Rona Munro (born 7 September 1959) is a Scottish writer. She has written plays for theatre, radio, and television. Her film work includes Ken Loach's Ladybird, Ladybird (1994), Oranges and Sunshine (2010) for Jim Loach and Aimée & Jaguar (1999), co-authored by German director Max Färberböck. Munro is the second cousin (once removed) of Scottish author Angus MacVicar.

She was famous for writing the last serial of the original Doctor Who in 1989, and then writing an episode for the tenth series of the revived Doctor Who in 2017, making her the only writer to work in both the classic and revival eras of Doctor Who.

Career 
Munro's work on Doctor Who was not limited to just Survival (1989) and "The Eaters of Light" (2016). She later novelised both stories for the original and revived range of Target Books, respectively.

Her history cycle The James Plays, James I, James II, and James III, were first performed by the National Theatre of Scotland in summer 2014 in a co-production with Edinburgh International Festival and the National Theatre UK. The plays were staged again in early 2016.  She followed this up with James IV - The Queen of the Fight in 2022. Her other credits include the theatre play Iron which has received many productions worldwide. Other theatre works include plays for the Traverse Theatre Edinburgh (Fugue, Your Turn To Clean The Stair, Strawberries in January translation), Manchester Royal Exchange (Mary Barton, Scuttlers), Plymouth Drum Theatre and Paines Plough (Long Time Dead), and the Royal Shakespeare Company (The Indian Boy, The Astronaut's Chair).

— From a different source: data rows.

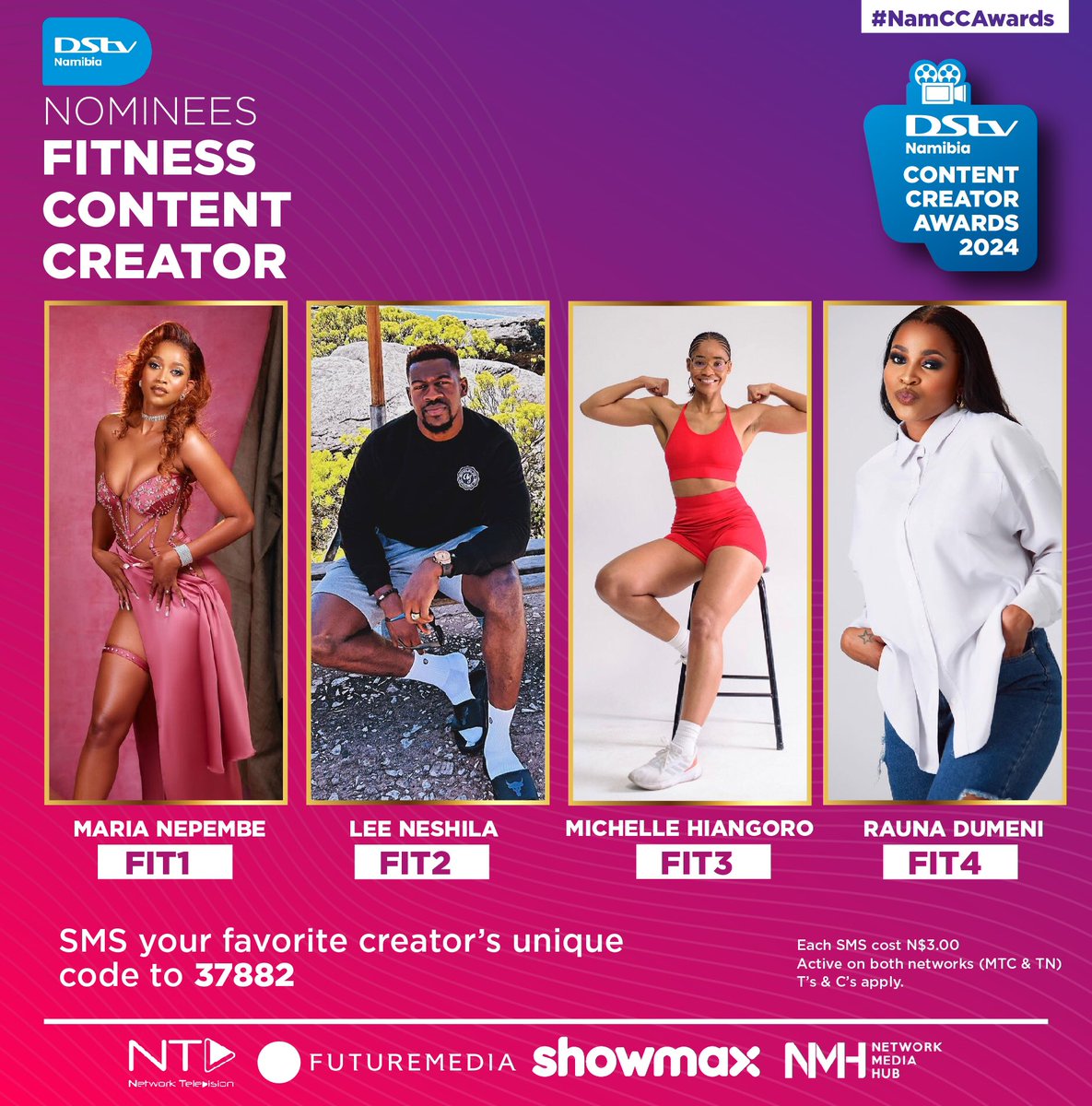 Meet the nominees for the <a href="/dstvnamibia/">DStv Namibia</a> Fitness Content Creator Award 🏆 #NamCCA2024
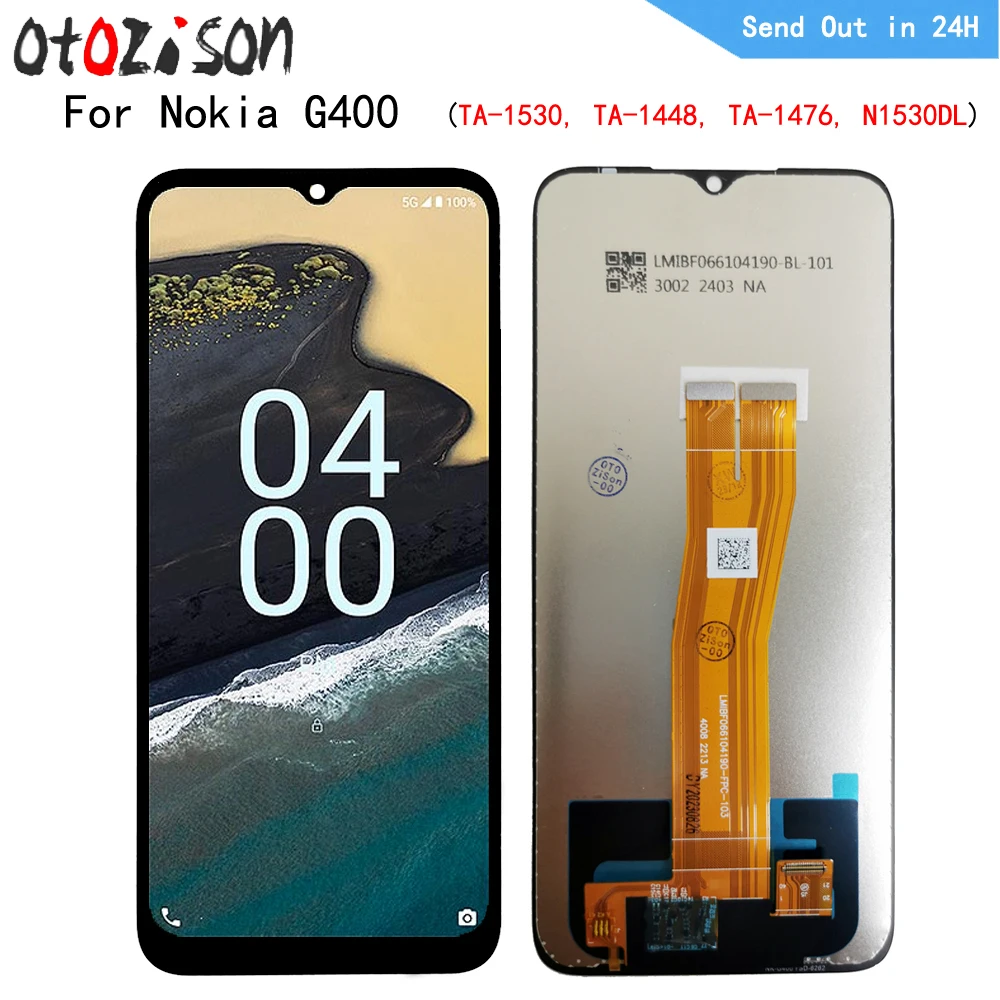 

ЖК-дисплей 6,58 дюйма IPS для Nokia G400, TA-1530, TA-1448, TA-1476, сенсорная панель с дигитайзером и рамкой в сборе для Nokia G400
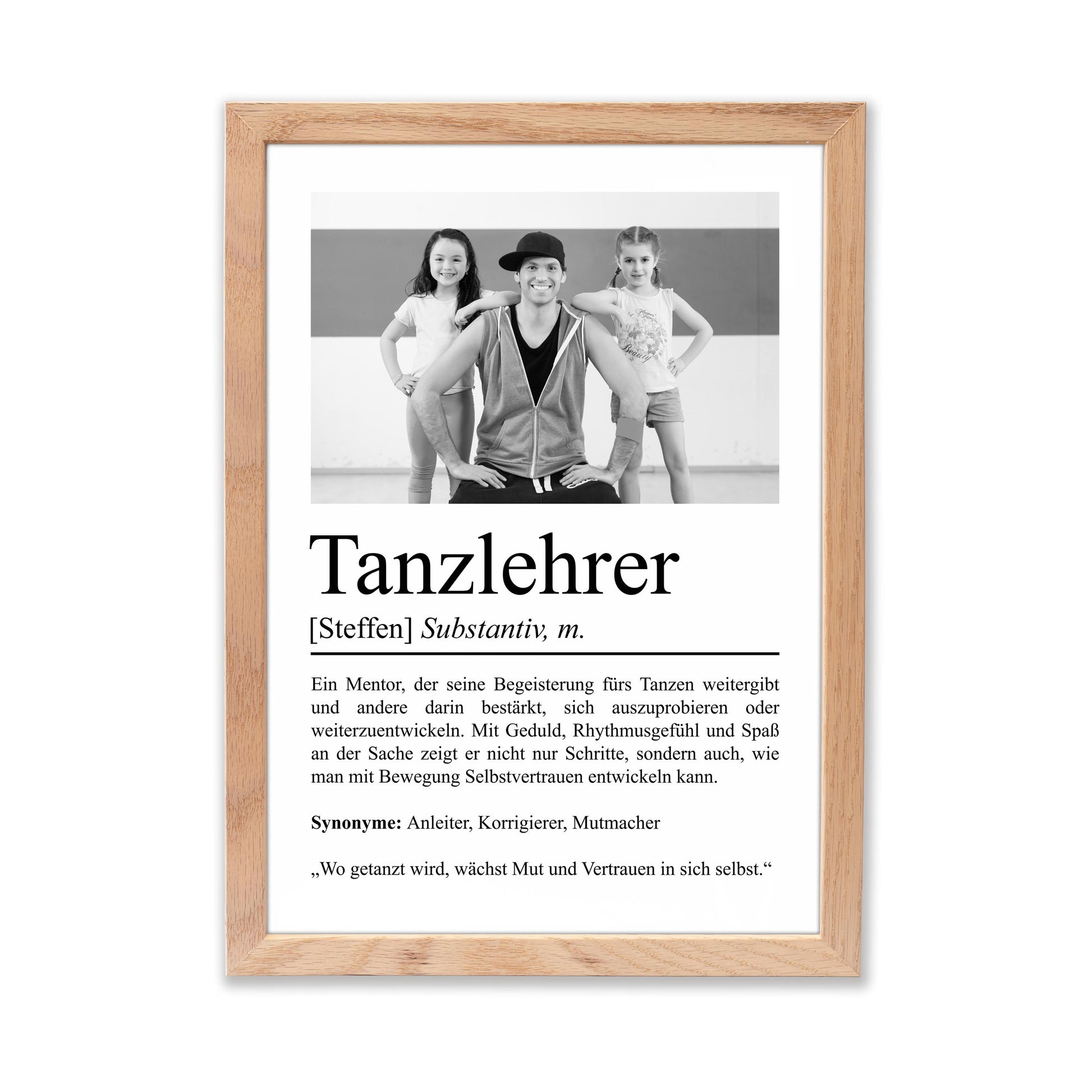 Tanzlehrer Definition Poster personalisierbar mit Bild + Namen Beruf Poster Tanzlehrer Geschenk Einzug Geburtstag Geschenk Tanzlehrer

Munro has also contributed eleven dramas to Radio 4's Stanley Baxter Playhouse: First Impressions, Wheeling Them In, The King's Kilt, Pasta Alfreddo at Cafe Alessandro, The Man in the Garden, The Porter's Story, The German Pilot, The Spider, The Showman, Meg's Tale, and The Flying Scotsman.

In 2006 the Lyric Theatre, Hammersmith presented Munro's adaptation of Richard Adams' classic book Watership Down. Her early television work includes episodes of the drama series Casualty (BBC) and, more recently, a BBC film, Rehab, directed by Antonia Bird.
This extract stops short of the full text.